#### TASK INSTRUCTIONS
Among the lines below, copy exactly those from the one with "shoes woman comfortable" through the one with "MOTHER Yellow 'Keepin", counting both ends.

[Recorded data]
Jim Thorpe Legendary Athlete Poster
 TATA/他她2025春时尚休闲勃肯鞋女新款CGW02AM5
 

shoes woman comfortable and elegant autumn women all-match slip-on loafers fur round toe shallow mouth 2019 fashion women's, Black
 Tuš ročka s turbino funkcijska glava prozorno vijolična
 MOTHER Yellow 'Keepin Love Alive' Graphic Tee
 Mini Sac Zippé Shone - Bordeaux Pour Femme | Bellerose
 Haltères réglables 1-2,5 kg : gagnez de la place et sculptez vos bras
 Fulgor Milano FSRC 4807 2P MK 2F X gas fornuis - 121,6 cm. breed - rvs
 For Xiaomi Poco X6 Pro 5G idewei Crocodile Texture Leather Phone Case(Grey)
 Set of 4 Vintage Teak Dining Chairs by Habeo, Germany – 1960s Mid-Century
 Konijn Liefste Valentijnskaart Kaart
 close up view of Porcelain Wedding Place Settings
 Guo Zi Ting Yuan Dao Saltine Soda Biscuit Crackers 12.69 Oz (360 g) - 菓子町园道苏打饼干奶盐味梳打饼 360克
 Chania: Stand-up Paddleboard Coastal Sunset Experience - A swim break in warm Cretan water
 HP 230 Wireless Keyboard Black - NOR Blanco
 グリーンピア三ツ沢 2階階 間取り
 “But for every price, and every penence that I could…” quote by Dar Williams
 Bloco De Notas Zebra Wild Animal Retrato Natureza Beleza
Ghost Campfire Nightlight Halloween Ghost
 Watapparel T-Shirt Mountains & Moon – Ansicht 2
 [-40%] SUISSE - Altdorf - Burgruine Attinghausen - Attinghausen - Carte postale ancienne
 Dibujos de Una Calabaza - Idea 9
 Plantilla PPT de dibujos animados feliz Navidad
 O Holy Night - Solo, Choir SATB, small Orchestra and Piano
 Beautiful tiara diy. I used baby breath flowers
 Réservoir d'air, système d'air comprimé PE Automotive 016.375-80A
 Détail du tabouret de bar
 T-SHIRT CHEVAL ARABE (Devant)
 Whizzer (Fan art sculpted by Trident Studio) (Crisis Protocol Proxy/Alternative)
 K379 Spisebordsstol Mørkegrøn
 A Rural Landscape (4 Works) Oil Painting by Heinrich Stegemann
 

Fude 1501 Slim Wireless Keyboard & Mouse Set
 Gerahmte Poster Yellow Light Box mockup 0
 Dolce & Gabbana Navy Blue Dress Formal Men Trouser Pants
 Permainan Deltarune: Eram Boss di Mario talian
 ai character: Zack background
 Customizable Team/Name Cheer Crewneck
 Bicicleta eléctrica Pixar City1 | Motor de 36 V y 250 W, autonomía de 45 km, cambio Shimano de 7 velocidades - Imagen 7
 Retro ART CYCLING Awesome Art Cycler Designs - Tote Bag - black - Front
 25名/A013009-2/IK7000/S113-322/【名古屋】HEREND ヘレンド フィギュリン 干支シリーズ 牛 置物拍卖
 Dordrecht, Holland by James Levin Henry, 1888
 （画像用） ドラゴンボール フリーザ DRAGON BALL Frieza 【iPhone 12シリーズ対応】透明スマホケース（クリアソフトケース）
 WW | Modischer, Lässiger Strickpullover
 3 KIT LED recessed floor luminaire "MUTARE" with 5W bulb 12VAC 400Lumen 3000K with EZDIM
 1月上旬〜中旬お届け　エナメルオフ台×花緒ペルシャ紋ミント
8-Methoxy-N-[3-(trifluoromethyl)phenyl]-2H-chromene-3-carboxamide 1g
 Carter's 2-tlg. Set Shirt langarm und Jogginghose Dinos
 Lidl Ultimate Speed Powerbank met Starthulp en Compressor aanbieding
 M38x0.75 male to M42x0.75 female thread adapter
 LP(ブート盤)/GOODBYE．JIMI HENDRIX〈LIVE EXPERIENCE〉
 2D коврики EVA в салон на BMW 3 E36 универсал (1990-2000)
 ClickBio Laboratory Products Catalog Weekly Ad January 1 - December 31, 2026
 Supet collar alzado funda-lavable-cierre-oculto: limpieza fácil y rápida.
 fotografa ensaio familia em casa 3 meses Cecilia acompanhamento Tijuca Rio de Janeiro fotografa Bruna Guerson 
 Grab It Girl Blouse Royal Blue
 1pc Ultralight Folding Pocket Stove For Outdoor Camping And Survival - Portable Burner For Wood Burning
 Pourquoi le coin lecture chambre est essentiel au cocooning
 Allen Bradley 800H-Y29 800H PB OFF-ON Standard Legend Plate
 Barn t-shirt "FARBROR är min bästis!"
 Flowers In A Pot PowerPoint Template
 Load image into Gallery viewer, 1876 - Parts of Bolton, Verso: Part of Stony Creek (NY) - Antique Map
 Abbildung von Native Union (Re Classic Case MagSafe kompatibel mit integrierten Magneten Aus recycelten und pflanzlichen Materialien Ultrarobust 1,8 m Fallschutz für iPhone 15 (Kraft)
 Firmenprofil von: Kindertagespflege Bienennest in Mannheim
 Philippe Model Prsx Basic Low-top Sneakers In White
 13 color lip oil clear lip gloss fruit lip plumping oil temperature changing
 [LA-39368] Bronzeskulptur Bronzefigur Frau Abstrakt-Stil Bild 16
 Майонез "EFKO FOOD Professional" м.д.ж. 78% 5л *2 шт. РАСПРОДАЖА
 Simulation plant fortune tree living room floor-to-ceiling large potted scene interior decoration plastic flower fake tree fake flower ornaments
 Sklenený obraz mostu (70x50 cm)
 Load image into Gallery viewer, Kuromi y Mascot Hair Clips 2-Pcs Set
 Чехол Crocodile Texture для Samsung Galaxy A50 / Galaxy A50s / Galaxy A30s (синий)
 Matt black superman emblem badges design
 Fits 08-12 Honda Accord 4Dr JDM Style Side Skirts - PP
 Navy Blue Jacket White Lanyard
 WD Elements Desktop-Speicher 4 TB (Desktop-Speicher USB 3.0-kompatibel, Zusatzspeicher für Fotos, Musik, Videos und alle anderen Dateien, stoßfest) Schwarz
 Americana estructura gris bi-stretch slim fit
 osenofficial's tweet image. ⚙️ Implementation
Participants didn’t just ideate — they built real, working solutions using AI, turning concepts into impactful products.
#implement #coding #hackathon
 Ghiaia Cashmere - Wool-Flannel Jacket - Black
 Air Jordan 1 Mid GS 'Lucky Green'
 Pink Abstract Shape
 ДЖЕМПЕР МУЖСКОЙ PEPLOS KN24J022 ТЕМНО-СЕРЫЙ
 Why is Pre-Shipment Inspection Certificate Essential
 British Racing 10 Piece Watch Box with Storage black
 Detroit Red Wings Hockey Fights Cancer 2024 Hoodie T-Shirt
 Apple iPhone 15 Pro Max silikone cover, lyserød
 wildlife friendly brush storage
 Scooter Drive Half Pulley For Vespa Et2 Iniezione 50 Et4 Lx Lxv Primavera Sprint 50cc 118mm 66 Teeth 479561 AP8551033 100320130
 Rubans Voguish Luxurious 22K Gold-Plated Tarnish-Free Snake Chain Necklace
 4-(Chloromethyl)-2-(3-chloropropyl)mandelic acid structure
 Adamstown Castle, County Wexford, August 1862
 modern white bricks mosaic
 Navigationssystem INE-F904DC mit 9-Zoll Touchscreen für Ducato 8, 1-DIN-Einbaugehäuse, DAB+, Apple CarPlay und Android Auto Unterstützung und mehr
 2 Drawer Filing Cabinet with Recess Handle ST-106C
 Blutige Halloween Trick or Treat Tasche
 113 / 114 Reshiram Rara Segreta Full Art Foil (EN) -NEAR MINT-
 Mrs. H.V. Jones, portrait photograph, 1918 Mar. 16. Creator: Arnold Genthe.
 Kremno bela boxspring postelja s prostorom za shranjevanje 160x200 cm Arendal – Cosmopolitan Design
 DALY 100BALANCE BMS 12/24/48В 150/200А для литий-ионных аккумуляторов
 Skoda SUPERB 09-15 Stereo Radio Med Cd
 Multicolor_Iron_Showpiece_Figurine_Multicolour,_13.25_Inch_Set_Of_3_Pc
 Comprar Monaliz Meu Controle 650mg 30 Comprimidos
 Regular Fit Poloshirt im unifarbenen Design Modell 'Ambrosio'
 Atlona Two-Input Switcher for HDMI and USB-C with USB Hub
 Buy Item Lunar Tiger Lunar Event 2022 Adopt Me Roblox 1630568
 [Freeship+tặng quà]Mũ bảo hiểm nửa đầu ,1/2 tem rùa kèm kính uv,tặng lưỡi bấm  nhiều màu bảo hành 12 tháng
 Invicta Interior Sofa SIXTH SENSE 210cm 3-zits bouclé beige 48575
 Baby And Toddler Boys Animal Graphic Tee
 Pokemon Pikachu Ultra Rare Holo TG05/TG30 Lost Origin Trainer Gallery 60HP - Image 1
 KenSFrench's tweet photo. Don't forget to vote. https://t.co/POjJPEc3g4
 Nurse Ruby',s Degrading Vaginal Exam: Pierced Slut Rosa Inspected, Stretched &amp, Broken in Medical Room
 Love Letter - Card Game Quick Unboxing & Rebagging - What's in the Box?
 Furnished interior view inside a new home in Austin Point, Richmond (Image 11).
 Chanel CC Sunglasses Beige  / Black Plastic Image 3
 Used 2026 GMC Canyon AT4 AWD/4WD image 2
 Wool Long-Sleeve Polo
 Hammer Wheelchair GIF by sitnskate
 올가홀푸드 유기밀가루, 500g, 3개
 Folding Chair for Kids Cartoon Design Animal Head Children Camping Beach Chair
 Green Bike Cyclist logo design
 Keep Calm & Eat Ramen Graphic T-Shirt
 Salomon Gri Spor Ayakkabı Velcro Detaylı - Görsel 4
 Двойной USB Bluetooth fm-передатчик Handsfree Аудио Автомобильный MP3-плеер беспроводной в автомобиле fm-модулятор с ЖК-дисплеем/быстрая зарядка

#### FINAL ANSWER
shoes woman comfortable and elegant autumn women all-match slip-on loafers fur round toe shallow mouth 2019 fashion women's, Black
 Tuš ročka s turbino funkcijska glava prozorno vijolična
 MOTHER Yellow 'Keepin Love Alive' Graphic Tee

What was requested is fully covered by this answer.